Wine Storage Ideas You’ll Love
Without any kind of specialised equipment or modifications, the kitchen, garage and storage sheds are the worst places to keep your wine. The kitchen is one of the hottest places in the house, it also tends to be very well lit. It is subject to temperature fluctuations every time the stove or oven is being used and it contains lots of appliances that emit heat and vibrations. Cellars with cellarmaison.com is ideal!
Garages and storage sheds are rarely temperature controlled, so they tend to be very hot in summer, and very cold in winter. These places are generally not very clean, they may smell musty and have rodents that can chew wine packaging, corks and labels (not good if you want to sell your wine). They also tend to contain strong smelling substances like gasoline, solvents, paint and cleaning solutions whose odours can work their way into the wine through the cork.
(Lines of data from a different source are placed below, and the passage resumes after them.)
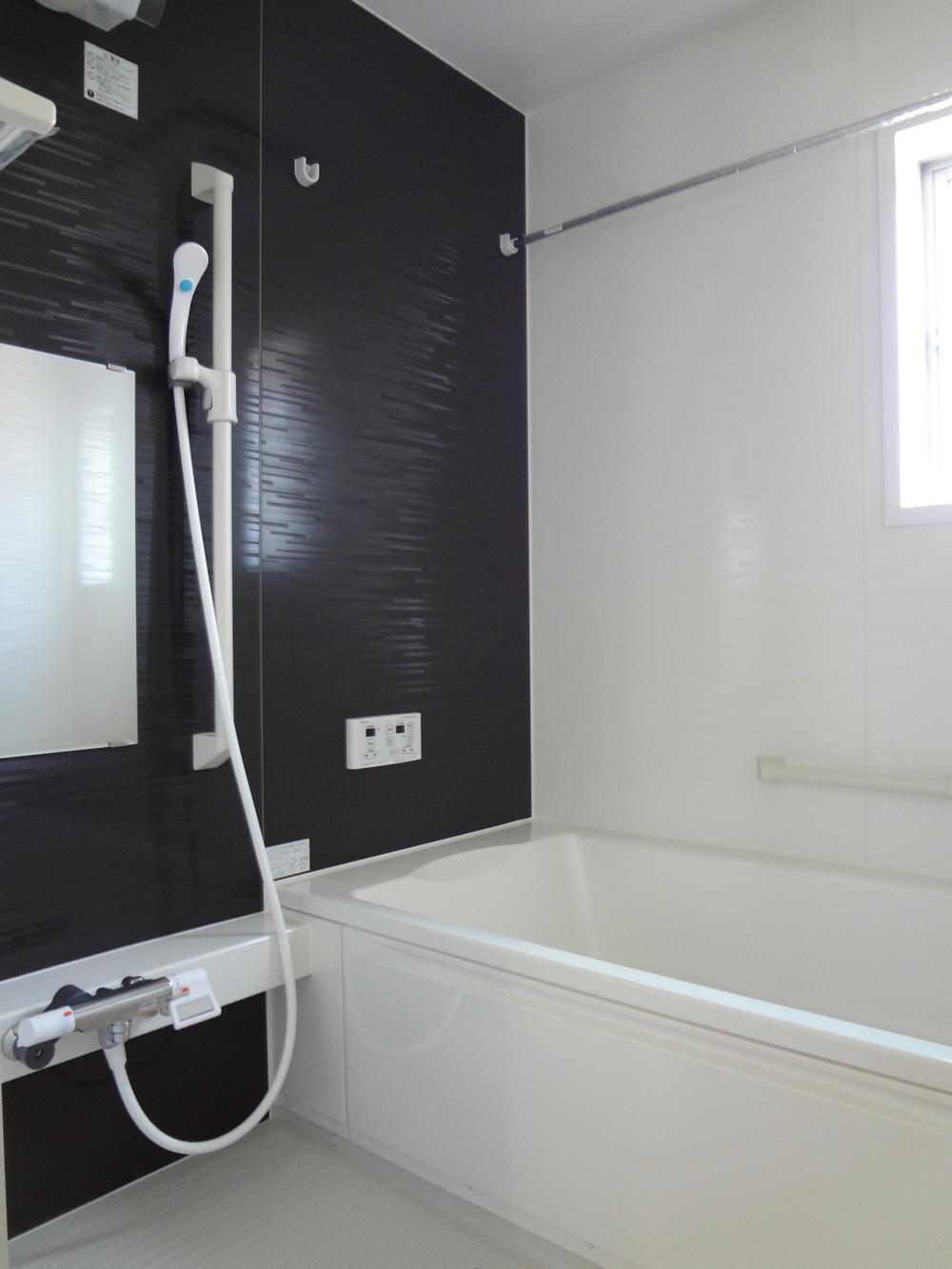 Same specifications photo (bathroom). 8 Building same specification bathroom 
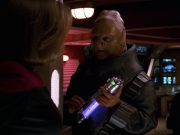 extant_StarTrek_VOY_7x24-RenaissanceMan_2551.jpg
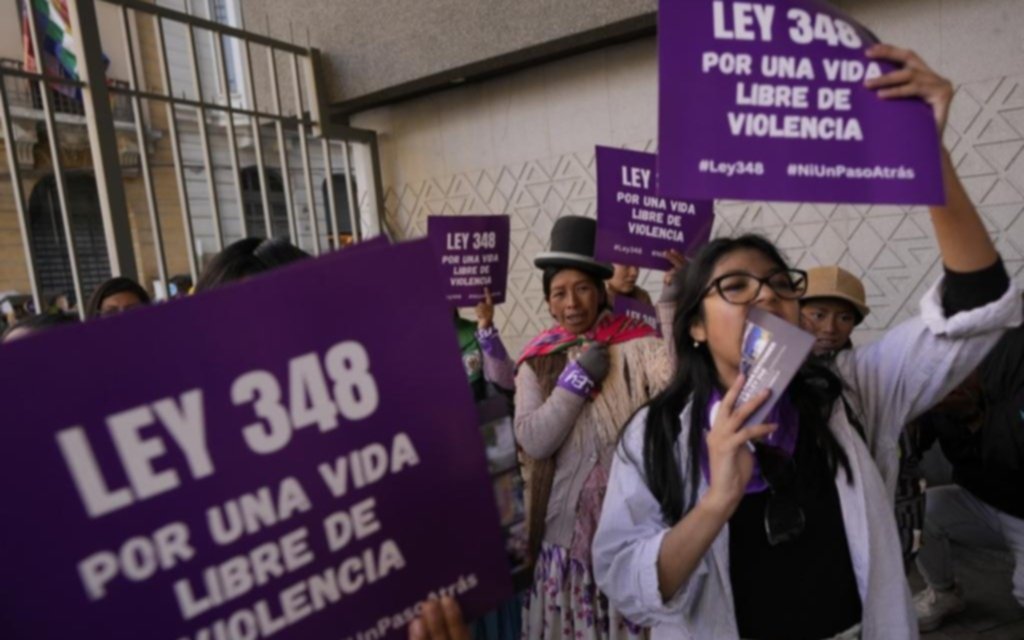 Locura en Bolivia para que Evo no sea detenido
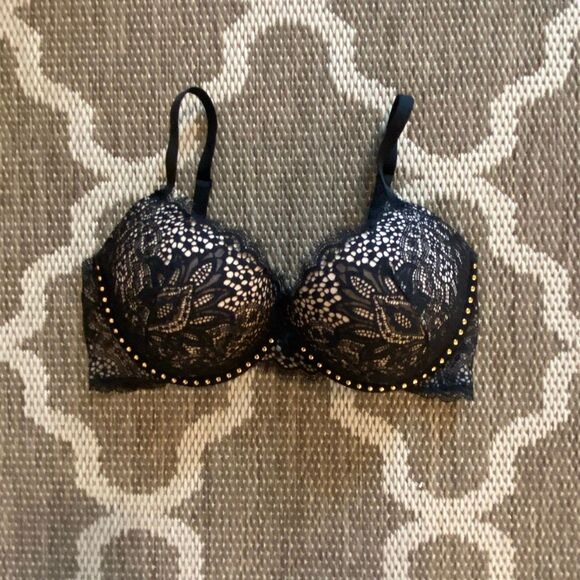Victoria’s Secret very sexy push-up bra size 34DD - Picture 1 of 6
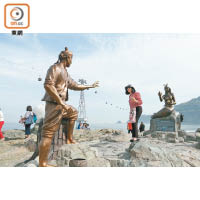漁夫和人魚銅像取材自當地傳說的一對主角。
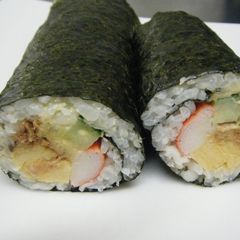 A picture of Futomaki! For Ehoumaki: Delicious Salad Sushi Rolls.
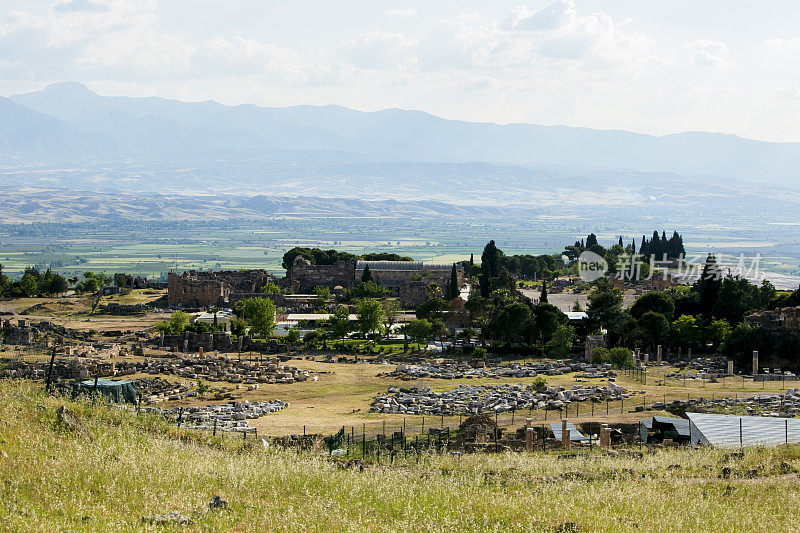 希拉波利斯地区在土耳其的pamukkale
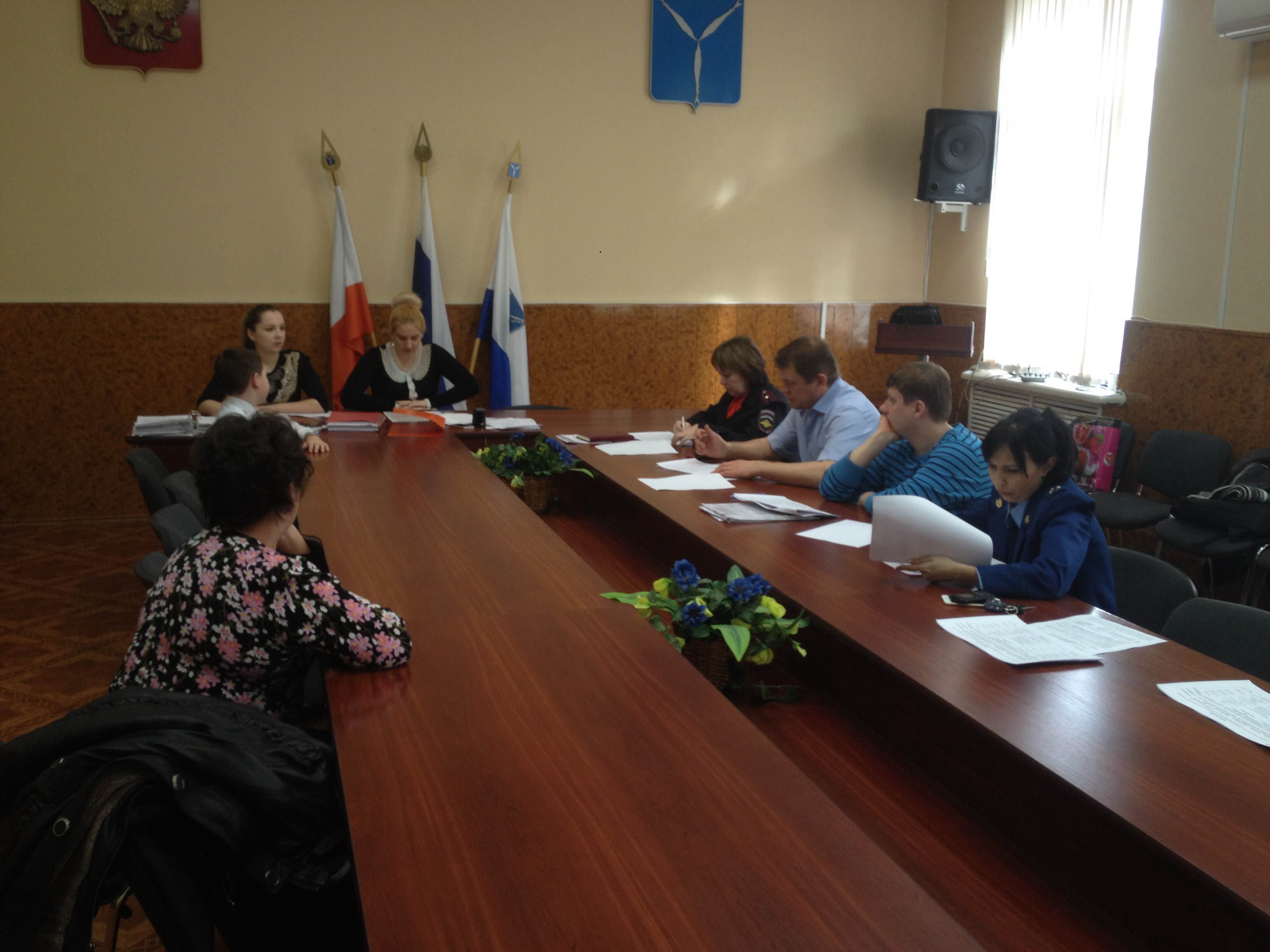 Состоялось заседание комиссии по делам несовершеннолетних и защите их прав при администрации Октябрьского района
Most people know that the basement is the ideal place to store their wine. Custom cellars with cellarmaison.com is the best idea. It’s usually cool, dark and damp, but don’t take these conditions for granted. If your basement is not completely underground, store your wines against a subterranean wall. Measure the temperature, humidity and temperature fluctuations so you know the conditions you’re dealing with (see below).
Make sure the basement is clean and free of strong-smelling odours. If the basement is particularly damp, don’t keep the wine stacked on the floor, especially if it’s in cardboard boxes. You should consider building or buying a wine rack system.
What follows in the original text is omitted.